Besondere Merkmale der DSGVO

Zu berücksichtigen sei, dass die DSGVO trotz umfassender Harmonisierung den Mitgliedstaaten an einigen Stellen Handlungsspielräume einräume. So gewähre auch Art. 80 Abs. 2 DSGVO einen Ermessensspielraum. Die Ausgestaltung des Art. 80 Abs. 2 DSGVO als Öffnungsklausel zeige zudem eine Nähe zu Richtlinien, welche aufgrund ihrer Rechtsnatur stets einer Umsetzung ins nationale Recht bedürfen.

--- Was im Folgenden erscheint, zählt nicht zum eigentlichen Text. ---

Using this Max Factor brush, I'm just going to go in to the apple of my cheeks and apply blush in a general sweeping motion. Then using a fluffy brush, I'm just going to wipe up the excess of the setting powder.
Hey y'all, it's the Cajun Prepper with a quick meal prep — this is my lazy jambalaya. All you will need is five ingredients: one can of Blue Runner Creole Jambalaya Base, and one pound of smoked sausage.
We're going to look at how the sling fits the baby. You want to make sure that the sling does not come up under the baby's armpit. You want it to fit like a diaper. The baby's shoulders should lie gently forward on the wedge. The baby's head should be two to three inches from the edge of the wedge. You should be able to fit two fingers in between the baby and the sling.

Wörtliche, systematische und teleologische Auslegung von Art. 80 Abs. 2 DSGVO

Der EuGH verneint eine strenge Auslegung des Wortlauts von Art. 80 Abs. 2 DSGVO, wonach ein Verband zur Erreichung der Klagebefugnis eine oder mehrere konkret betroffene Personen im Voraus individualisieren müsse. Vielmehr unterliege die Klagebefugnis keiner Einzelfallprüfung, ob Rechte bestimmter Personen verletzt wurden. Der Verband müsse nur geltend machen, dass eine Verarbeitung personenbezogener Daten gegen die Rechte des Einzelnen schützende Bestimmungen der DSGVO verstößt und somit geeignet ist, die Rechte identifizierter oder identifizierbarer Personen zu verletzen.

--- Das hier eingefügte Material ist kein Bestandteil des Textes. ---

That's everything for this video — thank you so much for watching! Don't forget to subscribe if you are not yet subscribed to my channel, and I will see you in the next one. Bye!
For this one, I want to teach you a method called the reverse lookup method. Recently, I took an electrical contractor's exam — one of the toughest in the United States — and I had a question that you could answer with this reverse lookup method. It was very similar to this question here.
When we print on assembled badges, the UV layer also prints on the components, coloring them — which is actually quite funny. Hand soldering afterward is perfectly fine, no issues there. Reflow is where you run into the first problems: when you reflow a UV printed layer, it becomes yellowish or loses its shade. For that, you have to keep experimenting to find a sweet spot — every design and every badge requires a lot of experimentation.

Damit müsse sich die Klage lediglich auf die Verletzung von Rechten stützen, die einer natürlichen Person infolge einer Verarbeitung ihrer personenbezogenen Daten erwachsen können. Dies sei bei der Unterlassungsklage des VZBV gegen Meta der Fall, da Verstöße gegen Art. 12 Abs. 1 S. 1, Art. 13 Abs. 1 lit. c) und lit. e) DSGVO, mithin Vorschriften, die Rechte des Einzelnen schützen, vorlägen. 

Ausblick und Einschätzung

Der EuGH folgt mit seinem Urteil den Schlussanträgen des Generalanwalts vom 2. Dezember 2021. Das lang erwartete Urteil ist in seinen Auswirkungen von besonderer Bedeutung. Es stellt eine prozessuale Weichenstellung für Klageverfahren im Datenschutzbereich dar. Mit der Bejahung der Klagebefugnis von Verbraucherschutzverbänden werden sich insbesondere Unternehmen im B2C-Bereich künftig auf zahlreiche Abmahnungen und zivilrechtliche Verfahren einstellen müssen. Dies kann beispielsweise öffentlich zugängliche Datenschutzerklärungen und -informationen (einschließlich Cookie-Bannern) oder auch Kommunikation zu Marketing-Zwecken betreffen. Es könnte zu einer Abmahnwelle kommen, da Verbraucherverbände zukünftig verstärkt an der gerichtlichen Auslegung und Klärung von verbraucherschützenden Datenschutznormen interessiert sind. Das Urteil sollte daher zum Anlass genommen werden, spätestens jetzt die eigene Datenschutz-Compliance auf den Prüfstand zu stellen.